101. – В мире нет материи и духа, но вся материя духовна и все духовное воплощено; беспредельное действует только чрез предельное, и всякое проявление предельного исходит из беспредельности. Поэтому движения материи, передаваясь чрез наши внешние органы мозгу, превращаются в ощущение и образ, и, наоборот, бесплотное представление о желаемом чрез посредство нервов и мышц вторгается в материальный мир и изменяет его; так личность перерабатывает материальное в духовное и наоборот. Орган, где совершается эта переработка, есть нервная система животного. Что реально: искра, пролетевшая между катодом и анодом, или возникший во мне духовный образ ее? Чтобы вылепить горшок, равно необходимы кусок глины и идея горшка. Эта идея существует так же реально, как глина, но она невидима, неосязаема, непротяженна: она иной природы, чем глина. И вот, будучи иной природы, как мы говорим – духовной, она входит в глину, которая – природы материальной, и преобразует ее; и каналом ее нисхождения в вещество служит нервная система горшечника. Очевидно, что нервная система сопричастна обеим сферам, то есть и духовна, и вещественна. Будучи сама духовной, она способна воспринимать идеи, и будучи вещественной, она способна действовать в материи, и обратно. Дантист зубчатой иглой извлекает из зуба тонкую кровавую ниточку нерва: взгляни на нее с благоговением: она обрывок той таинственной и священной сети, где совершается тайна бытия. Все измеримое в ней ученый измерит на тысячу ладов и откроет нейроны, электроны; но беспредельность есть жизнь ее непостигаемая, вторая сущность.

X

102. – Если человек в своей орудийной ярости позабыл древнюю правду, если трактует брата своего как организованный прах и закономерность праха, то не малый проступок совершает он и осудится не людским судом: он попирает взаимно – в брате и в себе – верховный закон природы и наказан в самый миг преступления. Как в реке валун обтирается о валун, так взявший себе раба становится рабом его, и чем сильнее порабощает, тем более рабствует{129}. И как господин обыкновенно не видит, что ради частных и осязательных выгод он губит общую выгоду свою, утратив покой и свободу, но видит это вольный сосед его и смеется над ним, точно так культурное человечество ослеплено орудийным соблазном. Распиная природу, сораспял себя ей человек, потому что он и она едино суть и всякое свершение вовне он совершает над самим собою. Но мне жаль не только его, обратившего в прах себя и меня, – мне жаль и поруганную тварь бессловесную и недвижную, все, что, рождаясь как личность, отдано во власть человека.

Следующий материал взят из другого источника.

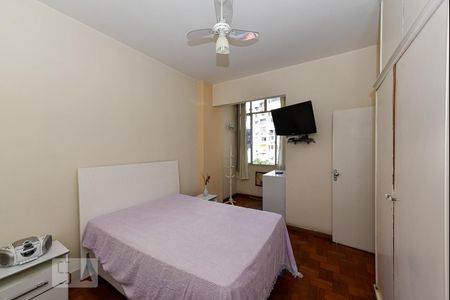 Quarto 1 de apartamento à venda com 2 quartos, 70m² em Copacabana, Rio de Janeiro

103. – Есть что-то призрачное в этом зрелище, как лучшая человеческая сила отделилась от человека и зажила в виде его двойника. Отделилось и неудержимо растет раздельное знание, заодно с ним растет техническое умение, и нет им дела до живой души. Необходимое знание! Безграничное уменье! За два века не узнать культуры. Мир наполнился мириадами человеческих созданий одно изумительнее другого. Шутя, почти без усилий, наука все глубже проникает в природу, разглядывает механизм ее сокровеннейших сил и, записав, передает технике математическую формулу закона, в которой и власть над законом. Каждая из вещей, окружающих нас, – подлинное чудо; в самой ничтожной из них, в какой-нибудь пуговице, воплощены неисчислимые познания и гигантское умение, – они заложены в вещь и живут в ней вечно деятельной, но бесстрастной жизнью, мудрые и могучие, но безликие. В этом-то сочетании умной силы с совершенным равнодушием ко всему, о чем скорбит и радуется человек, – в нем последний ужас, лик Горгоны окаменяющий.